I have a table with a single column of text called Source. I have another table with a text column called Terms and a text column called Category.
I want to create a table that shows each Term, its Category, and the number of times that Term exists in the Source table.
There seem to be a lot of ways to approach this. Any ideas of best practice?
Hi @RIchardC and welcome to the forum!
Without any sample data to go on, this is a general approach I would try:
Strings To Document node to convert Source to a KNIME document, making sure to configure the node to apply the Category metadata
Bag Of Words Creator to… create a Bag of Words
TF node to calculate the absolute term frequency
Then some subsequent aggregation and joining to compare to your original list of terms, but exactly how this is done will depend on the format of your data. If you have a small example dataset I could try to build a toy workflow for you to check out.
Thanks so much. I uploaded some sample data here
I started with an RSS Flow, which is eventually how I will end. Cheers.
Hi @RIchardC and welcome to the KNIME forum
I tried the link to get the data in your last post but doesn’t seem to work. Could you please check and post it back ?
Thanks & regards,
Thanks for the data. Attached here you’ll find a workflow solving this using two different solutions, the one suggested by @ScottF (thanks Scott ) and another one based on classic KNIME nodes with eventually comparison of results. The frequencies are calculated per document. If you need the frequencies globally then the same workflow could do it but you need change the grouping of the groupby node (then do it only based on column “description (filtered)_SplitResultList” and not on “Doc_Index”) or to aggregate the documents first in a single row (what suits best to you).

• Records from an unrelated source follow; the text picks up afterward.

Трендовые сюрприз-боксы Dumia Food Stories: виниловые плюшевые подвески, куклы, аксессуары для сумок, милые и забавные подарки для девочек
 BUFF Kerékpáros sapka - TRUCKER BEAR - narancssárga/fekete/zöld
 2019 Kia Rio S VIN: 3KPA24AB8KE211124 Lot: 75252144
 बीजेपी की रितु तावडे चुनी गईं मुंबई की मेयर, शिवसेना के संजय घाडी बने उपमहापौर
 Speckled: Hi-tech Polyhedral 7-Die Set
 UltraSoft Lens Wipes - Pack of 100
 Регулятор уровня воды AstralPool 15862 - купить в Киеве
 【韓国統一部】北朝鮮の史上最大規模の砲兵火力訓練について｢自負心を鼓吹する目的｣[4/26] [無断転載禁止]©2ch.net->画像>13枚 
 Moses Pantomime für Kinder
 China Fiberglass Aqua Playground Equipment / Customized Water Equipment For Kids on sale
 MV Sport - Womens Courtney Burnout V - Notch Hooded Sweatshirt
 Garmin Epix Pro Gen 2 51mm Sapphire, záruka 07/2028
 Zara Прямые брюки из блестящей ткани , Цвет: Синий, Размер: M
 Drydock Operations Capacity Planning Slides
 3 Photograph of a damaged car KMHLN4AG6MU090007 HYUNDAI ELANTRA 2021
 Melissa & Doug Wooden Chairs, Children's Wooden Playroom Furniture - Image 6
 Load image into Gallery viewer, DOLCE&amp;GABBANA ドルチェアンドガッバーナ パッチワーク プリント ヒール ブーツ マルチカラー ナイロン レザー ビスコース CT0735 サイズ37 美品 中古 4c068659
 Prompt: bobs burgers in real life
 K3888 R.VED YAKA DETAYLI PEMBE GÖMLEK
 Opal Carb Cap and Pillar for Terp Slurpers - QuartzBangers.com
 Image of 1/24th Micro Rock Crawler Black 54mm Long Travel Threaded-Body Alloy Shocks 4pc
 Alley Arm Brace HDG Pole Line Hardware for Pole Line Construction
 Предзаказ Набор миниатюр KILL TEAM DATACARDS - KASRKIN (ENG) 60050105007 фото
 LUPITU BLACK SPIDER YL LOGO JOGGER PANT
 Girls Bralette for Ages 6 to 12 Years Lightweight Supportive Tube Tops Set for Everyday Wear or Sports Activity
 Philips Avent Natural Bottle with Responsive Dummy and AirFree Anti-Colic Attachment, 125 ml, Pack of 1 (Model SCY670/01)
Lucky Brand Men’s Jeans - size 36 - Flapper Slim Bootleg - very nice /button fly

20210512 Pikairos Simple question about Term Frequency.knwf (841.3 KB)
Please get back in touch if more explanation is needed.
Hope this helps.
This is fantastic. I love how I can study a Knime flow step by step and it makes perfect sense.
Now that I see how it’s done, I see a flaw in my question, which is that all my dictionary terms were one word. In reality, I’ll need to search for multi-word terms, e.g. “Boris Johnson”.
Since the join node is where the dictionary comes into play, I’ve studied the docs for that, as well as Cell Replacer, but I’m not seeing a way forward.
If I were programming this in a different language, my instinct would be to iterate through each dictionary item with a “contains” test on the description column. If it makes it any easier, I don’t want to count how many times the dictionary term is mentioned in each article – I only need to count how many articles mention the term.
Is there a way for Knime to do that?
I found the trick of using the Dictionary Tagger to create multi-word tags. Then I realized I needed Document Frequency rather than Term Frequency.
Thanks again for the help.
Excellent news !
Could you please upload your workflow solution so that other people can better understand it and benefit ?
Here’s the end result, plus I added a Date filter.
This topic was automatically closed 7 days after the last reply. New replies are no longer allowed.